▸ **Exercise prompt**
Below is a listing; retype exactly the lines between the one containing "Cherry Blossom Flower" and the one containing "Gopi Vaid Eira", inclusive, minus the pictures.

▸ **The input**
'''
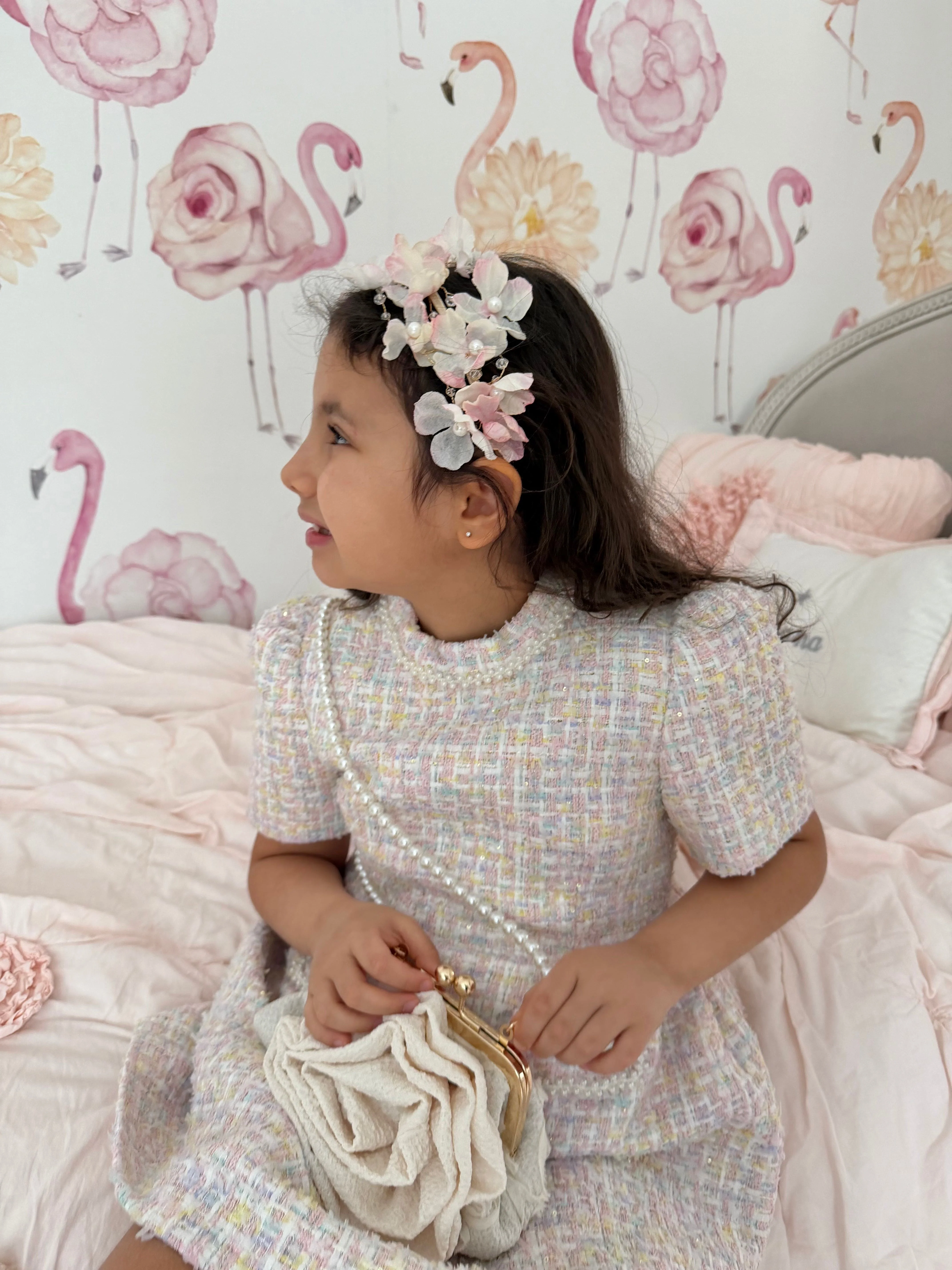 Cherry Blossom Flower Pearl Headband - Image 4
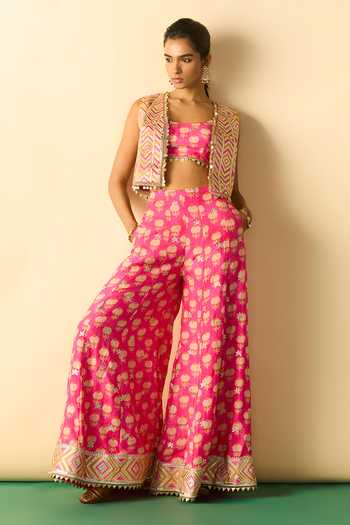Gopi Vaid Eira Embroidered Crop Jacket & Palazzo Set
'''
'''
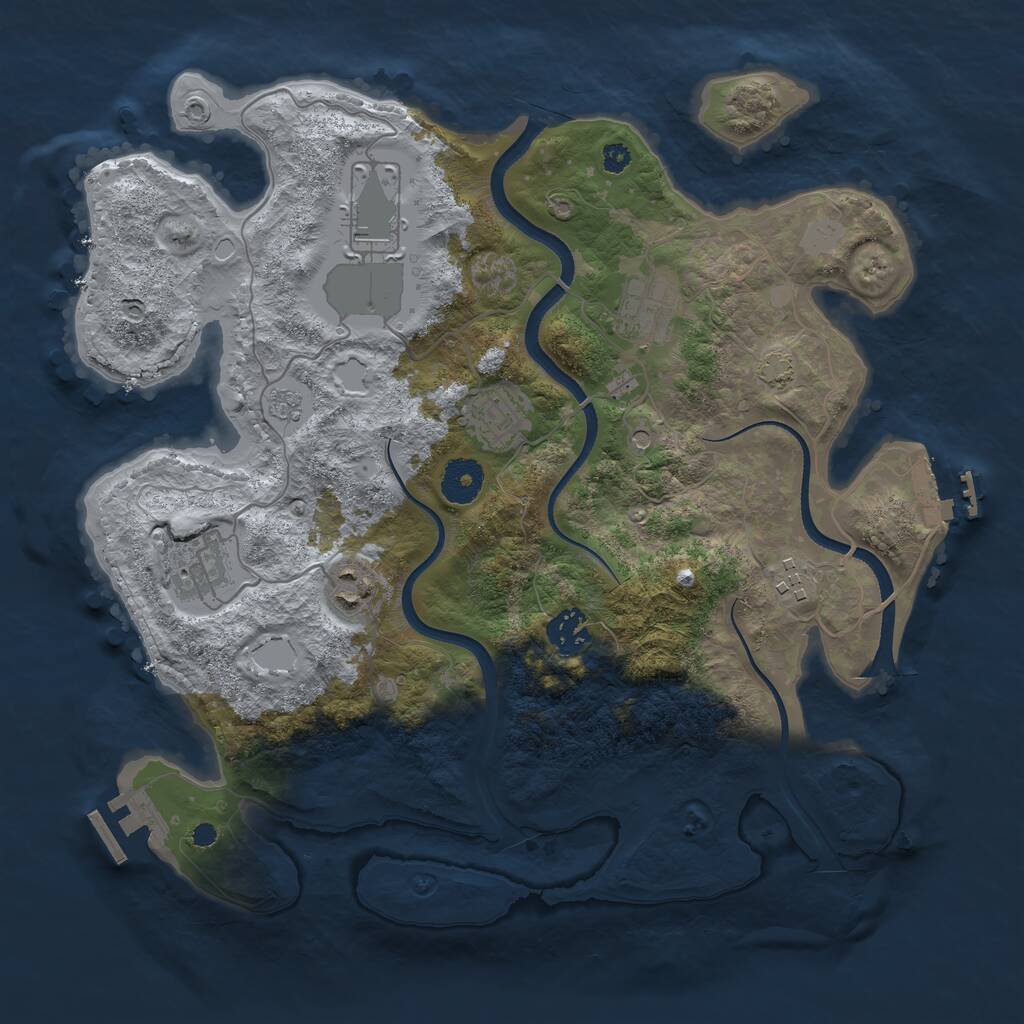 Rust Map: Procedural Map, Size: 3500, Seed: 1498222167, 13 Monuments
'''
'''
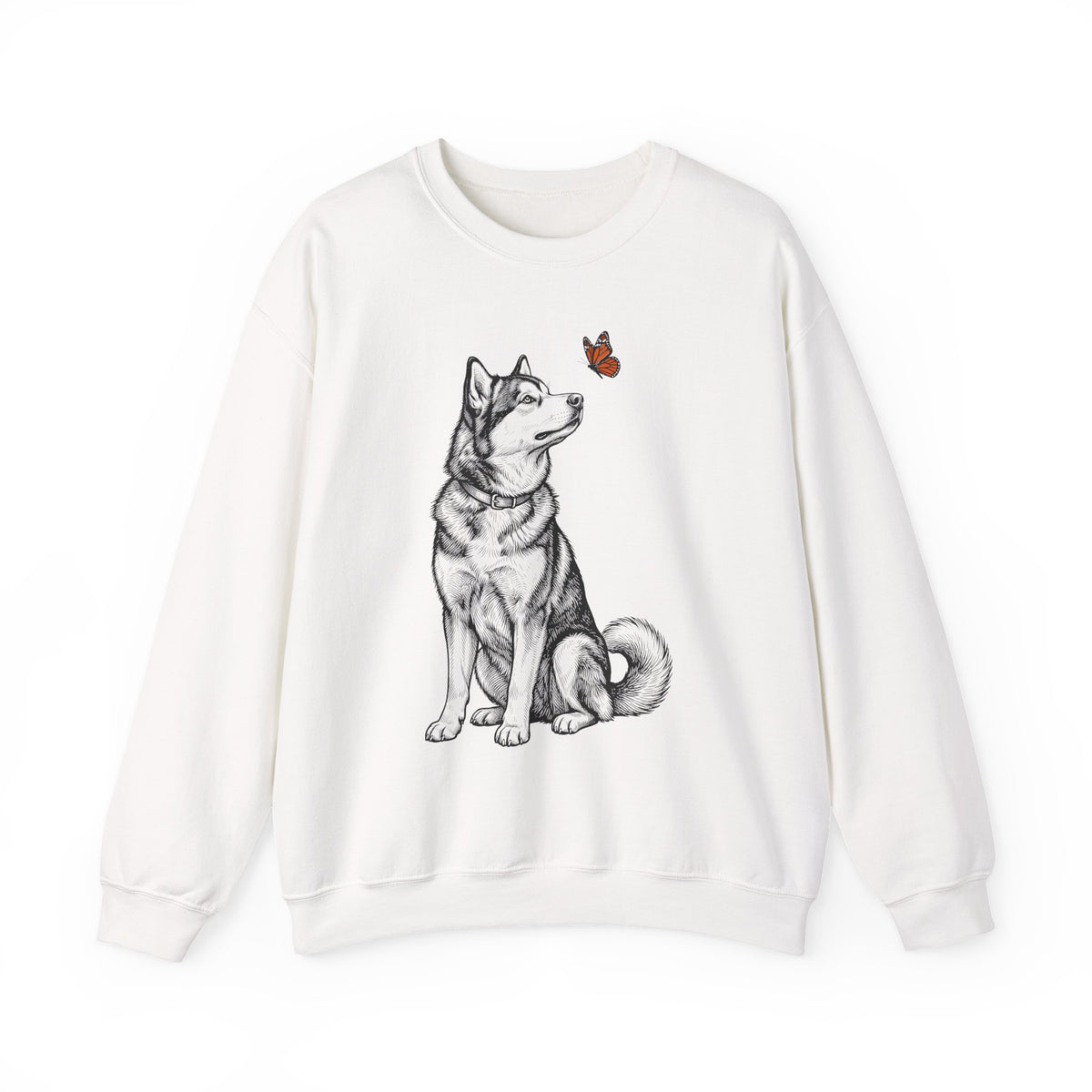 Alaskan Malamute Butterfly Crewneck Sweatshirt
'''
▸ **Response to the task**
 Cherry Blossom Flower Pearl Headband - Image 4
Gopi Vaid Eira Embroidered Crop Jacket & Palazzo Set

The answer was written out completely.